Trying to prove that their finger is perpetually on the pulse of the young adult populous, 30-something marketing spin doctors give you yet another college flick. Granted, I saw “Slackers” at the five o’clock showing, but three days after its release the house was nearly empty with only me and four other poor fools. I was somewhat obligated to stay in my seat, but wondered why the rest didn’t leave after 20 minutes.

The previews should have been fair warning of the impending parade of crap (The new Ice Cube vehicle “All About The Benjamins” followed by “Rollerball”). The screen was clearly defining the demographic of a “Slackers” moviegoer: Gangsta’-rap savvy, weed-smoking suburbanites with a passion for blood, guts and Rebecca Romijn’s rack – in other words, our great nation’s future captains of industry.

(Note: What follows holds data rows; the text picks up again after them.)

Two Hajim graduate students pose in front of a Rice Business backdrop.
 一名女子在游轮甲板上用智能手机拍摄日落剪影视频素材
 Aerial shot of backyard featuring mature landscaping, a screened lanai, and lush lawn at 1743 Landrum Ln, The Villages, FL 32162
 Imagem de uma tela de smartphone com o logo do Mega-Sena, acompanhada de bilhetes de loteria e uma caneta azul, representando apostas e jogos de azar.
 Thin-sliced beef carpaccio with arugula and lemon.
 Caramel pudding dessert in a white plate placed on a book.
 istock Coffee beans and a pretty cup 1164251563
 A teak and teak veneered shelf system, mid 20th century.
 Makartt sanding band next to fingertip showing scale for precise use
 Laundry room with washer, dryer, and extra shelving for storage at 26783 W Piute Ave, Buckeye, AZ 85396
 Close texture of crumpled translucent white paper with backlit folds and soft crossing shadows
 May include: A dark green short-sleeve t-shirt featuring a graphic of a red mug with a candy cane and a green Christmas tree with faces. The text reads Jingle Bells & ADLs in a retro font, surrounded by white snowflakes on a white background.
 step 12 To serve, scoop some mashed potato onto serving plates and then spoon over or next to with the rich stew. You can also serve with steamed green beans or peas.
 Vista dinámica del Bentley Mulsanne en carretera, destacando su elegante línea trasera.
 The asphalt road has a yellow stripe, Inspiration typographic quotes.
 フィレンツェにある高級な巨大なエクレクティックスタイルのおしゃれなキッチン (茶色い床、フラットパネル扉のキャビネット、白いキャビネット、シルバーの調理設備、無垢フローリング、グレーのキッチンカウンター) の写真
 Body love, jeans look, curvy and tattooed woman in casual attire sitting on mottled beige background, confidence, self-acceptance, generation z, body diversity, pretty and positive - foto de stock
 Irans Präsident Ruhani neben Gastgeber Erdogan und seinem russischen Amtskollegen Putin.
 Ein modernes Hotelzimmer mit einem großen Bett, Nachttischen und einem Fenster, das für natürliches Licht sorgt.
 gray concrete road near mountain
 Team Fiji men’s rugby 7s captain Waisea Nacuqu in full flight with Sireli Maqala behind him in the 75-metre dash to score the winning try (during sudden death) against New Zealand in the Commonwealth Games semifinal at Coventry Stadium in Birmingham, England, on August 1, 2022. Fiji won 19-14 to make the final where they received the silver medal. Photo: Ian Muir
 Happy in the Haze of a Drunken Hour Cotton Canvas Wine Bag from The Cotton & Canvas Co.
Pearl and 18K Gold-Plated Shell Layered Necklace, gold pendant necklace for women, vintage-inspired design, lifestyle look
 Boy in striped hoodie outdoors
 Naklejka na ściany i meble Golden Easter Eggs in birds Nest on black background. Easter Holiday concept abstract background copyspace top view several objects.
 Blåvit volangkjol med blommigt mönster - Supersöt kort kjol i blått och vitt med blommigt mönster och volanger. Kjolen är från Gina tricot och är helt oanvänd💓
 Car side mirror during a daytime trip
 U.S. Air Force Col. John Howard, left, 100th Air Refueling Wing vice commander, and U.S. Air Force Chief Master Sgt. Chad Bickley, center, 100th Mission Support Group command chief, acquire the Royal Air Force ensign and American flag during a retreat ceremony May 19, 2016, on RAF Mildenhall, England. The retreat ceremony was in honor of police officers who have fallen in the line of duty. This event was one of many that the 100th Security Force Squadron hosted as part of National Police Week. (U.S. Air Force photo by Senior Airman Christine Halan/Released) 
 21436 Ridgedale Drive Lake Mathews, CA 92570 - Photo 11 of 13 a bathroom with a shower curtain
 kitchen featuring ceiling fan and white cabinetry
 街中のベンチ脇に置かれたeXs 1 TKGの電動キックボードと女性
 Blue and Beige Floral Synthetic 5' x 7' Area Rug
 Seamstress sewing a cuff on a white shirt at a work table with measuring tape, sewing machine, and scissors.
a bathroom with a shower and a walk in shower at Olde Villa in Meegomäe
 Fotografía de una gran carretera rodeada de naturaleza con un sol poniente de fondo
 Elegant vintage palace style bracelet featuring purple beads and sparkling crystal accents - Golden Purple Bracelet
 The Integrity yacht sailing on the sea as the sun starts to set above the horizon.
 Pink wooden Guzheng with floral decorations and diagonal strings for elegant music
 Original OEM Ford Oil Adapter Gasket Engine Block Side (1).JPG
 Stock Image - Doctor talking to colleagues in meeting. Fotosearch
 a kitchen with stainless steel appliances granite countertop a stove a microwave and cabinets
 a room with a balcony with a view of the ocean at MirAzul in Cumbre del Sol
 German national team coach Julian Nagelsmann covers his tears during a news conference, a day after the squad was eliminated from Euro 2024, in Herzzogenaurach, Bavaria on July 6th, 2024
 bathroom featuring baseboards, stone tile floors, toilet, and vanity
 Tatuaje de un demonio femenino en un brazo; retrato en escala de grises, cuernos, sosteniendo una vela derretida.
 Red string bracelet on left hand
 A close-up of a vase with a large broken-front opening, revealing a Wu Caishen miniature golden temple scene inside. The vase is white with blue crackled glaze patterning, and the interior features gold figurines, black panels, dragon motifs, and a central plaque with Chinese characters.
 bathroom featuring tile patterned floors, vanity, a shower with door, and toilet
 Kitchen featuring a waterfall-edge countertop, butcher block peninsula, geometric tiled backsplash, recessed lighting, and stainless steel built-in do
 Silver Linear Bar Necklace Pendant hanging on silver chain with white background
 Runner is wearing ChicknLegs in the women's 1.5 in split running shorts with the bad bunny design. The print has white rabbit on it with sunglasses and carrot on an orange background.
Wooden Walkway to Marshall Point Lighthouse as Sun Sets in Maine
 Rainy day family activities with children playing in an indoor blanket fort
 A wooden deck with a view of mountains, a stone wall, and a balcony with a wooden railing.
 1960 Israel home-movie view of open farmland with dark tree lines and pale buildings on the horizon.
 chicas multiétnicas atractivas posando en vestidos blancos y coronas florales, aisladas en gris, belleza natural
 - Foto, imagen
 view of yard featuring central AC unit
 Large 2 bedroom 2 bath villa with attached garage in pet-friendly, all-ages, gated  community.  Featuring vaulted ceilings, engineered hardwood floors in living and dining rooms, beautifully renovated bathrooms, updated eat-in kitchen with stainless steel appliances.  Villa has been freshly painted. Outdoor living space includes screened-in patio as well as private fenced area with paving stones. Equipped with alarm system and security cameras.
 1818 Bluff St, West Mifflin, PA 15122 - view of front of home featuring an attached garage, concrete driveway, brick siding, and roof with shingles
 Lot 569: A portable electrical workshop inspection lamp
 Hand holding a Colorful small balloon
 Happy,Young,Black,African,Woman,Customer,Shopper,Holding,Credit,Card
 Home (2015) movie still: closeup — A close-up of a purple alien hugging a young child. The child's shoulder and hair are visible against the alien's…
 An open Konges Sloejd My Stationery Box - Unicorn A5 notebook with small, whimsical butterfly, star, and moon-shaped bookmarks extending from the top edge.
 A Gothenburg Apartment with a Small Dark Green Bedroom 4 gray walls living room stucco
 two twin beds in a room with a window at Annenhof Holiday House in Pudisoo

The story revolves around three friends – Dave, Sam and Jeff – in the twilight of their college careers with an academic history precariously founded on elaborate scheming. In one of their last cheating attempts, Dave (Devon Sawa) leaves his name and number on an exam for the girl sitting next to him. The evidence that could get them all expelled falls into the hands of a spastic and psychotic dork, the self-deluded “Cool Ethan” (Jason Schwartzman). Ethan, who is walking female repellent blackmails the three friends into devising a plan to win the affections of the beautiful coed with whom he is obsessed, Angela (James King).

As happenstance would have it, Angela is the same girl Dave had left his number for. (Can you see where this is going?) With no other choice, our three lovable scamps agree to Ethan’s terms. Dave befriends the girl so that he can get close and talk up Ethan, while Sam and Jeff compile a dossier on her likes and dislikes in order to turn Ethan into Angela’s perfect guy. But as Dave gets closer, he predictably falls for the girl himself and his loyalty to his friends is put at odds with newfound love.

Not only cheap in substance, “Slackers” must have been inexpensive to make. All the actors are relative unknowns. Perhaps the producers should have put their nine heads together to dole out some cash for a decent writer. Screenwriter David Steinberg’s apparent goal was to cover predictability with a constant barrage of poorly crafted lowbrow comedy. Gross-out and sex jokes hold nothing back. Without subtlety or development, they go straight for the punch line. The trade-off of spectacle for effort leads to these symptoms of a bad movie: chatter, groans, aversion of eyes and a turning of the stomach.

As I watched Schwartzman, I couldn’t help but remember his Max Fisher character from “Rushmore,” another unrequited obsessed teenager. In that film, we can laugh at ease with his awkward eccentricities because they stem from the same healthy neurosis possessed of a normal person. Cool Ethan, on the other hand, is everything conceivably abnormal: a shrine-erecting stalker who covets and counsels a doll made of his beloved’s hair – he is a freakish specimen.

But is the freakish Cool Ethan so unlike you and me? I would like to think so. But although we go to a university that draws the top 12.5 percent of all high school students, I personally have seen equal and worse comedy and behavior from my classmates. But they, in a drunk-on-jungle-juice stupor, have an excuse. More importantly, they pay for it with a hangover and as the subjects of ridicule.